-- About this exercise --
Wherever pictures appear in the listing below, leave them out, and copy exactly, and only, everything from the line with "Park Inn by" down to the line with "Porta Garibaldi Cozy Flat *".

-- Excerpted records --
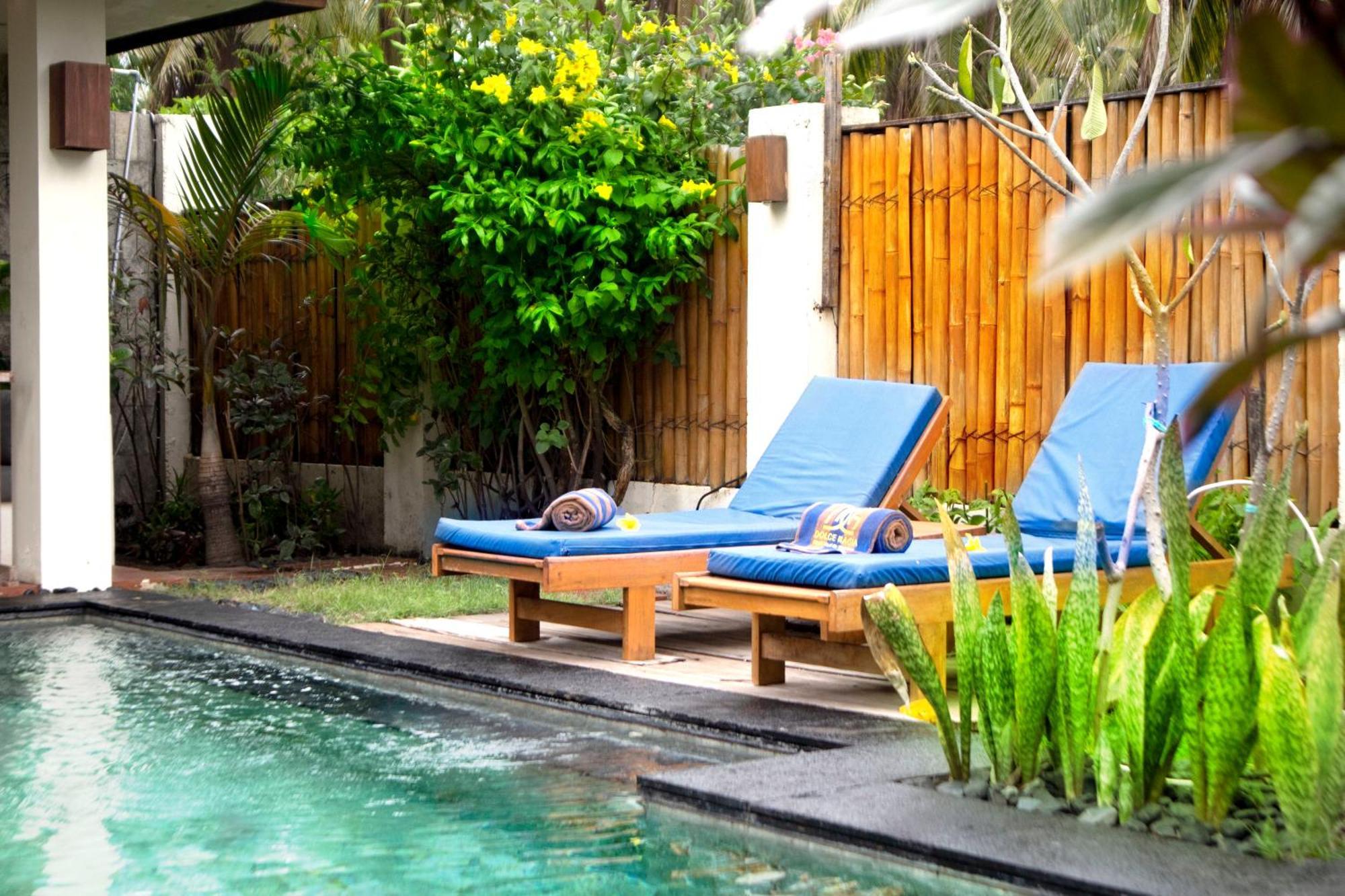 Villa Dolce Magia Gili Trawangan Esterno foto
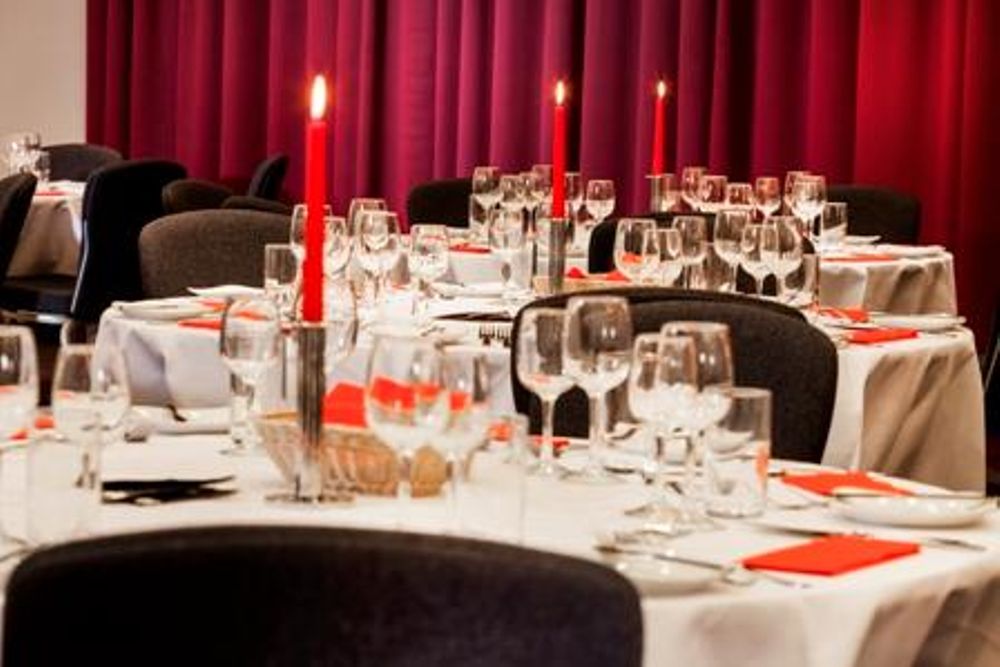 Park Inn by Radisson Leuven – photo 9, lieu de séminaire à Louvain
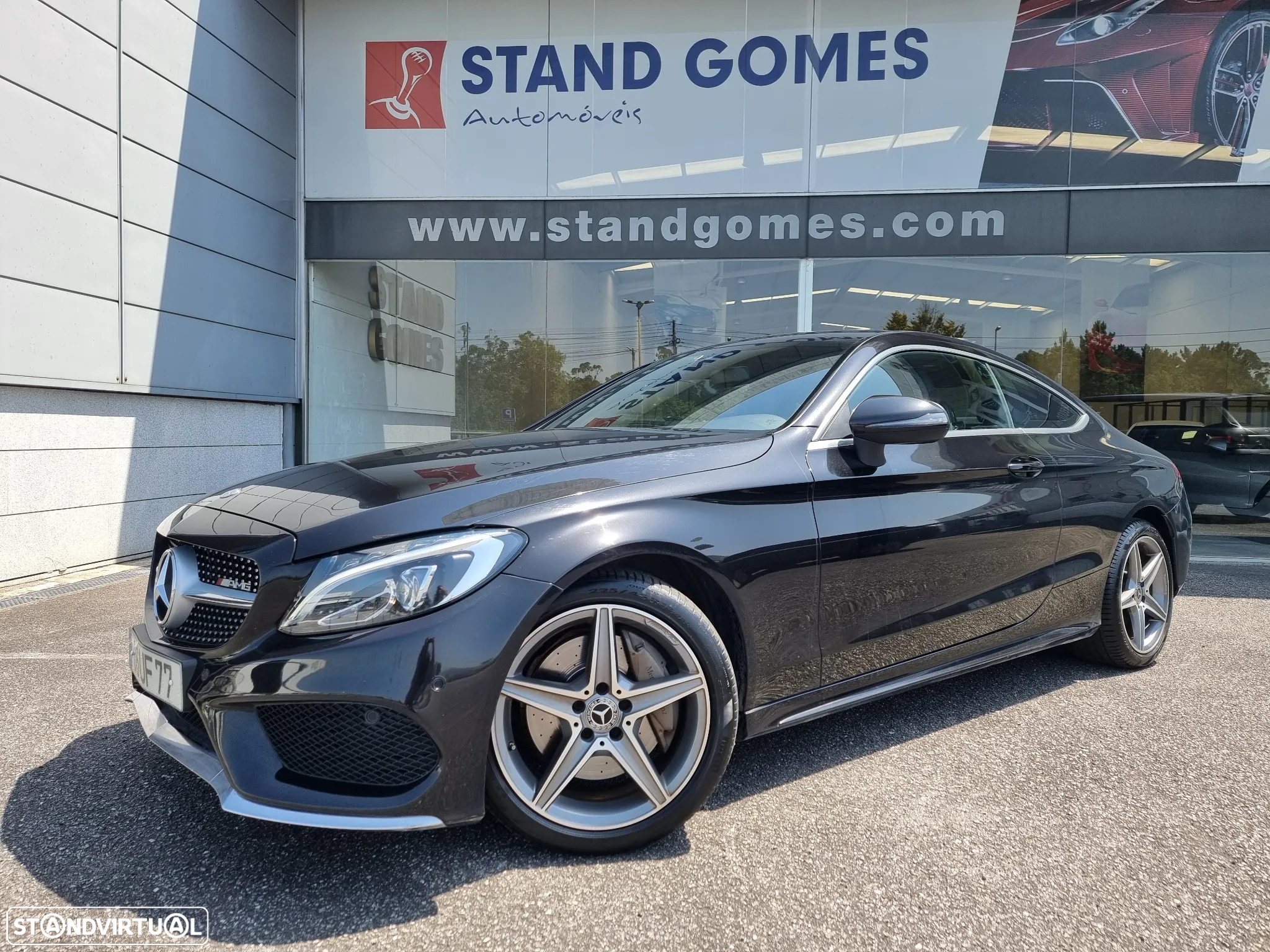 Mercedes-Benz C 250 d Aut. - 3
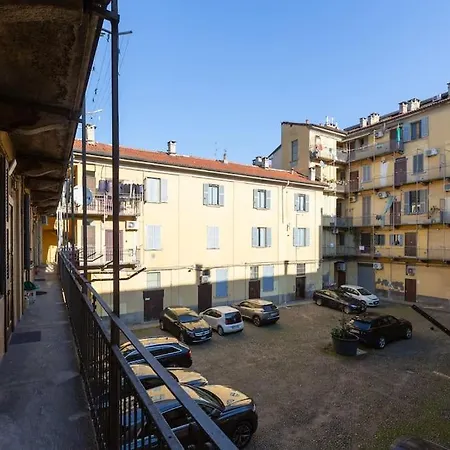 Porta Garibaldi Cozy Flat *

---

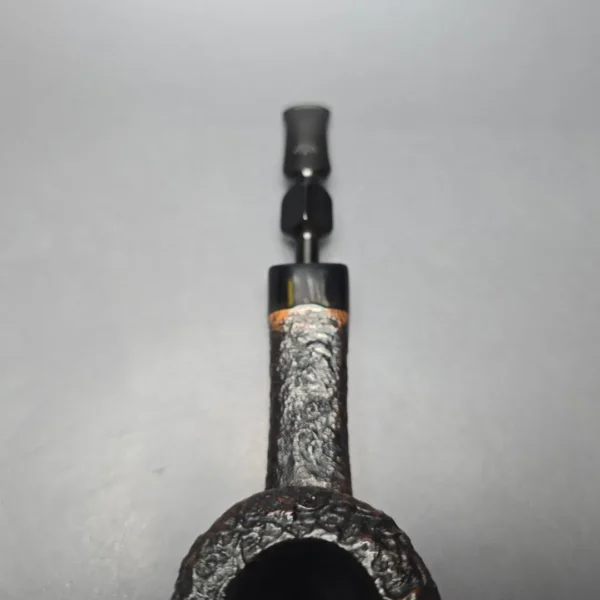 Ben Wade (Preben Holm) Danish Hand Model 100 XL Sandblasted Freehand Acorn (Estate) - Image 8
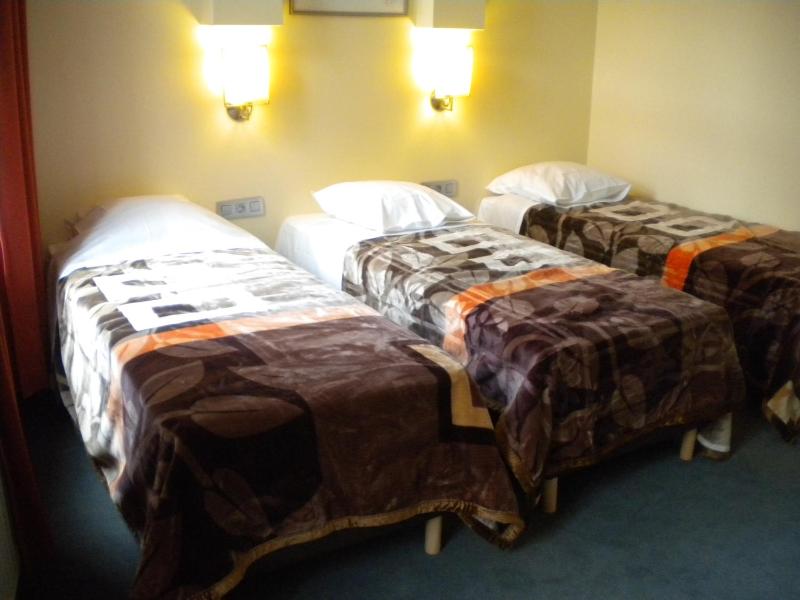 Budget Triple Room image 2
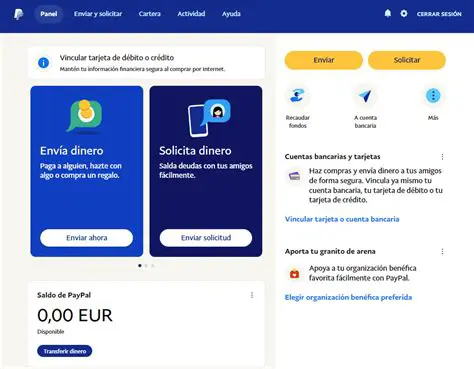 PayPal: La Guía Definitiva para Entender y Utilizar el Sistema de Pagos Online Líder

-- Result below --
 Park Inn by Radisson Leuven – photo 9, lieu de séminaire à Louvain
 Mercedes-Benz C 250 d Aut. - 3
 Porta Garibaldi Cozy Flat *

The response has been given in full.